ということで、新人らしい粗っぽさは当然あるのだが、全体的にはよくできた佳作ということでよいのではないか。
(ちょっと甘いかな?)

No.3 6点 蟷螂の斧
(2012/05/28 15:34登録)
幼馴染の四人の誰かが犯人なのですが、誰もが犯人であってほしくないような気持ちにさせる描き方はうまいと思います。誰がタイムカプセルを開けたかという謎、殺人犯は誰、そして23年前の隠された事件の謎がうまく絡み合っており楽しめました。

No.2 7点 まさむね
(2011/07/25 21:46登録)
 前年の江戸川乱歩賞受賞作。
 端的な文章でグイグイ引き込まれました。プロットも,決して目新しい点はないのですが,丁寧に練られています。登場人物間の視点転換も気にならない,というかむしろ効果的に働いている印象。老練な作家が書いたとすら思わせる巧さが垣間見えます。
 ご都合主義的な側面や,過去の事件において真犯人がとった行動には理にかなっていない面があるのではないか…という疑問もありましたが,まぁいいか,と思わせるストーリー運び。
 このレベルの作品を今後コンスタントに発表されることを期待します。(買うと思います。)
 ちなみに,前年度の受賞作「プリズン・トリック」とは,確かに様々な点で正反対の位置にある作品です。結構幅広いぞ,乱歩賞。

No.1 7点
(2011/04/22 19:28登録)
<第56回江戸川乱歩賞受賞作>
23年前、小学生の仲間四人で校庭に埋めたタイムカプセル。幼なじみの四人は、封印すべき秘密を共有していたはずだった。しかし、そのうちの誰かが...

息をつくひまもないほどスピード感のあるサスペンス展開。視点は四人。
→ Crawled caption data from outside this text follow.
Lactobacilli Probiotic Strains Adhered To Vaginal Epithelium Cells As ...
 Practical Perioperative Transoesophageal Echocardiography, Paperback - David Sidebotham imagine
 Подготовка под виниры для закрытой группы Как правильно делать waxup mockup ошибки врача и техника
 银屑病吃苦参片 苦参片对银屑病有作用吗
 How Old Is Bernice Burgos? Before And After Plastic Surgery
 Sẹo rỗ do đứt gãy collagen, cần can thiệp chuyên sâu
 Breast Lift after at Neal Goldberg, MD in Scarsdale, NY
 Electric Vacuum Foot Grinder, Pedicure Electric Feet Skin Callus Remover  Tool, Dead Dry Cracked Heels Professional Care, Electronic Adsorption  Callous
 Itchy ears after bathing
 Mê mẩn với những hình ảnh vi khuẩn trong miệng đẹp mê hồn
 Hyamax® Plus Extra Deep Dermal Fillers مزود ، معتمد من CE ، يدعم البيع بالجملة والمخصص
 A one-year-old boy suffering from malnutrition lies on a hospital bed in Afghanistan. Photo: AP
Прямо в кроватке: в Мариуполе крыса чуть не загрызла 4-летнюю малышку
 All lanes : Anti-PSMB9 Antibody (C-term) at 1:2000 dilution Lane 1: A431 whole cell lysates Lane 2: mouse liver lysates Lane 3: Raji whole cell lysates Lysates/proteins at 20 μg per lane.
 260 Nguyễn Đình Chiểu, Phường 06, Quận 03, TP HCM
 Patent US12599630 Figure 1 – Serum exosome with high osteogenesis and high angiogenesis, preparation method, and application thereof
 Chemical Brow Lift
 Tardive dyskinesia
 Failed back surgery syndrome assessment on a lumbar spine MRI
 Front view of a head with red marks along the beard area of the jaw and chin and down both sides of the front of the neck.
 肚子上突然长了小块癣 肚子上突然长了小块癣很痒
交錯しすぎる感もあるが、映画を観ているようで意外にわかりやすい。
犯人当て要素も、驚愕の真相もあるのだが、基本的には緊迫感が継続するストーリー展開がもっとも楽しめる点だ。
飛躍しすぎの論理と、ご都合主義と、アンフェア感とで、本格ミステリとは言えないような内容となっているし、過去の事件について、終盤に真相を匂わせる記述があったがあまりにも唐突だったことなど、気になる点もあった。でも、それらを十分に補うものがあり、すべてを許容できた。それほど楽しませてくれるストーリーだった。
キャラクタは、四人については分散しすぎだが概ねよく描かれている。探偵役の刑事・南良の存在も最後まで光っていた。よって人物描写についても申し分なしだった。

作者は乱歩賞に長年応募し続けたそうだ。受賞を狙うだけあって、ずいぶん推敲を重ねたのではと思うぐらい文章、プロットともに完成しているように思う。読者を楽しませるテクニックを持ち合わせているようにも思う。荒削りな「プリズン・トリック」(第55回受賞作)とは正反対だった。選者の評を読むと、瑕疵や欠点を指摘しながらも(今野敏以外は)概ね絶賛だった。ただ、今回はみな出来がよかったようだ。